TASK BRIEF
Return the entire listing, word for word.

INPUT DATA
----

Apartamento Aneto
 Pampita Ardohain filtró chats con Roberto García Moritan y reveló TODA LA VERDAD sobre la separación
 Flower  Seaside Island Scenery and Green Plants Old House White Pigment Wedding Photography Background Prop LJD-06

----

WRITTEN RESPONSE
Apartamento Aneto
 Pampita Ardohain filtró chats con Roberto García Moritan y reveló TODA LA VERDAD sobre la separación
 Flower  Seaside Island Scenery and Green Plants Old House White Pigment Wedding Photography Background Prop LJD-06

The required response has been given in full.